The West Forgot How to Build. Now It's Forgetting Code

HaraldvonBlauzahn@feddit.org · 1 day ago

The West Forgot How to Build. Now It's Forgetting Code

ikt@aussie.zone · 19 hours ago

The useful ones are still provided by big companies because the rest of us can’t afford the hardware to train them.

We have computing power in our pockets a million times more powerful than we used to send man to the moon, why do you think we’ll never have enough power?

I have already pointed out https://eurollm.io/

The EuroLLM project includes Instituto Superior Técnico, the University of Edinburgh, Instituto de Telecomunicações, Université Paris-Saclay, Unbabel, Sorbonne University, Naver Labs, and the University of Amsterdam. Together they created EuroLLM-22B, a multilingual AI model supporting all 24 official EU languages. Developed with support from Horizon Europe, the European Research Council, and EuroHPC, this open-source LLM aims to enhance Europe’s digital sovereignty and foster AI innovation. Trained on the MareNostrum 5 supercomputer, EuroLLM outperforms similar-sized models. It is fully open source and available via Hugging Face.

So long as someone doesn’t want to rely on big tech there will be people pushing for independence just like Linux users such as myself

boonhet@sopuli.xyz · 15 hours ago

22B

There are 700B+ parameter open weight models now. Frontier models are in the trillions.

And even that model apparently took a supercomputer to train. I don’t have a supercomputer so I can’t train my own models like I can compile my own software. This is not comparable to running Linux where you can just compile your own kernel or even whole operating system (former Gentoo user here).

I’ve tried running the models my 8 GB card can handle. They’re OK for a quick question, but they won’t be doing anything useful for me.

zalgotext@sh.itjust.works · 17 hours ago

We have computing power in our pockets a million times more powerful than we used to send man to the moon, why do you think we’ll never have enough power?

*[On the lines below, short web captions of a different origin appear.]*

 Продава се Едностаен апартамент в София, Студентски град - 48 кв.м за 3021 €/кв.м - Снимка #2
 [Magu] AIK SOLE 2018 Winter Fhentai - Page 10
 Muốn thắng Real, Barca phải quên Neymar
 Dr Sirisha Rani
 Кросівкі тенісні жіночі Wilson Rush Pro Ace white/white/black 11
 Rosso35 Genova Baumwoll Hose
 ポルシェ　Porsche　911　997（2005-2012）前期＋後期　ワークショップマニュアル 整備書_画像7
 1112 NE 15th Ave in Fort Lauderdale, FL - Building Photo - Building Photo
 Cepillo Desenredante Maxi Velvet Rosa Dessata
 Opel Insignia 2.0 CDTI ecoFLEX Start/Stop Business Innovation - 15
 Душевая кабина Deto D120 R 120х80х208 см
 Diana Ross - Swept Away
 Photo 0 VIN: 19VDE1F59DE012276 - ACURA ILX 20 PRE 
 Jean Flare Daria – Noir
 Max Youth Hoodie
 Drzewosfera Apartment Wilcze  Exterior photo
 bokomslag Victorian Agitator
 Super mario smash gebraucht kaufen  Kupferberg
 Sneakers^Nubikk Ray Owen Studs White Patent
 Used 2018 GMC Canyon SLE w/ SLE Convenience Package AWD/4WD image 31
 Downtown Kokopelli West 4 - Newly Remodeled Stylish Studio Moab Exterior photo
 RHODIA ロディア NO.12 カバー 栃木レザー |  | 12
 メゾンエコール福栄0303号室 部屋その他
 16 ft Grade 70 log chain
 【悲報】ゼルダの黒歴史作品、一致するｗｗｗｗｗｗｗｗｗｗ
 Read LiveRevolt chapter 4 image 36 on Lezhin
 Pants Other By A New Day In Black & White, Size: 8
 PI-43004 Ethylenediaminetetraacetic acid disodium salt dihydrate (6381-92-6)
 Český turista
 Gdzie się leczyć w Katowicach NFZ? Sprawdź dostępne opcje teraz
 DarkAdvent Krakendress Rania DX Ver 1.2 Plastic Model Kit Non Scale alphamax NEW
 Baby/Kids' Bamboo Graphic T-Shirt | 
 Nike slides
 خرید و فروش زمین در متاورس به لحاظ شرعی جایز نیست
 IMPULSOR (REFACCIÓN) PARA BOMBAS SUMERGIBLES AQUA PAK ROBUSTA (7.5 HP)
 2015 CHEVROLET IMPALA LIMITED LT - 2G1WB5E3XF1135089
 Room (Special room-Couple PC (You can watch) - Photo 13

Not the person you replied to, but I have thoughts on this point in particular:

Consumer devices have started to slow down their performance improvements because we’re bumping up against the limits of physics
People/corporations with way more money than the average consumer will always be able to run something orders of magnitude more powerful. Any advances that improve things for the average consumer will improve things for rich people/corporations even more.
Training an LLM isn’t really even about compute speed, it’s about access to good training material. The average consumer can’t afford to buy (or pirate) every book in existence like a rich person/corporation can. An average person doesn’t have the ability or time to curate their own training data, but rich people/corporations do.

Auli@lemmy.ca · edit-2 15 hours ago

Because companies are using so much computing power it requires as much electricity as a city. Or you can take your pocket computing resources and see his long it takes to train an LLM.